Обложка к книге «Трое» Велимира Хлебникова, Алексея Кручёных и Елены Гуро. К. С. Малевич. Литография. 1913 г.
Арифметика. Иллюстрация к «Возропщем» Алексея Кручёных. К. С. Малевич. Литография. 1913 г.
Текст и картина подчиняются единой композиционной задаче, они завихрены в единую нестандартную вёрстку, их восприятие одновременно. Наоборот, рисунок может быть совершенно самостоятелен, дополнять текст, а не сопровождать его. Именно так и происходит с рисунками Малевича в книгах футуристов. Это не иллюстрации, но отдельные произведения в книге, иногда они наклеены на обложки, иногда вставлены в брошюры отдельными листками. (Традиционные иллюстрации были сделаны только к книге Кручёных — Хлебникова «Игра в аду».) Памяти жены Матюшина, Елены Гуро, умершей в марте 1913 года, была посвящена книга «Трое» — сборник стихов Гуро, Кручёных и Хлебникова. Для её обложки Малевич впервые применил шрифт с кубистическим сдвигом. Внутри книги оказались сложные, раздробленные композиции «Экипаж в движении», «Жнец», «Голова крестьянки», «Пилот», «Карета в движении». Вообще же, иллюстрации эти, без преувеличений, гениальны.

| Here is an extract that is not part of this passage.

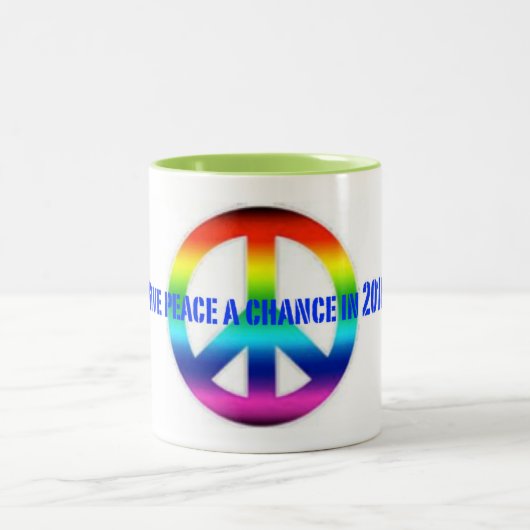 平和に2016個のコップのチャンスを与えて下さい ツートーンマグカップ (中央)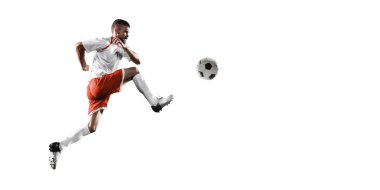 Beyaz bir arka plan üzerinde futbol oyuncusu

«Арифметика» — иллюстрация к «Возропщем» Кручёных — преисполнена чисел, а ещё на ней неожиданно виден настоящий современный компьютерный смайлик. В рисунке «Смерть человека одновременно на аэроплане и на железной дороге» (к «Взорваль» Кручёных) улетание по диагонали вверх ощутимо настолько, что от смотрения вас ведёт вверх вправо. Рисунки Малевича, как и авторские шрифты, и авторская вёрстка, придают этим книгам тот единственный ритм, без которого их тексты теряют три четверти задуманных смыслов. Алогизм ведь не бессмыслица, это — дерево сценариев, каждая точка которого имеет вероятностный характер. Он только не фиксирует стопроцентную вероятность. Наш взгляд может усесться и на той, и на другой ветви этого дерева, и книга будет прочитана по-разному. Это новый, демократический, способ взаимодействия с читателем.
Следует спросить: какие же отношения связывали поэтов-авторов этих сборников и Казимира Малевича? Ведь и он, как мы помним, был близок поэзии, иногда у него сочинялись стихи. Тем интереснее посмотреть на художников и поэтов в эпоху их наиближайшего взаимопроникновения.
Хлебников и Малевич кажутся братьями (Казимир да Велимир), но в жизни не были очень уж близки. Почему, спрашивается? Ведь Хлебников назначил Малевича одним из «председателей земного шара», да и чёрный квадрат у него тоже родился — однажды Хлебников закрасил обложку тетради, оставил одно окошечко посередине и в нём написал: «Чёрная тетрадь». По масштабу сотворённых переворотов — в языке и в живописи — они равны, а им равных нет. Но в жизни они не сливались. Хлебников в терминах характерологии был совершенным шизоидом; дервишем, одновременно стеклянным и деревянным — сверхчувствительным и равнодушным. А Малевич — невзирая на гениальность, так случается — был человеком благотворно-нормальным, заземлённым. Велимир был для Казимира слишком думателем и мало делателем.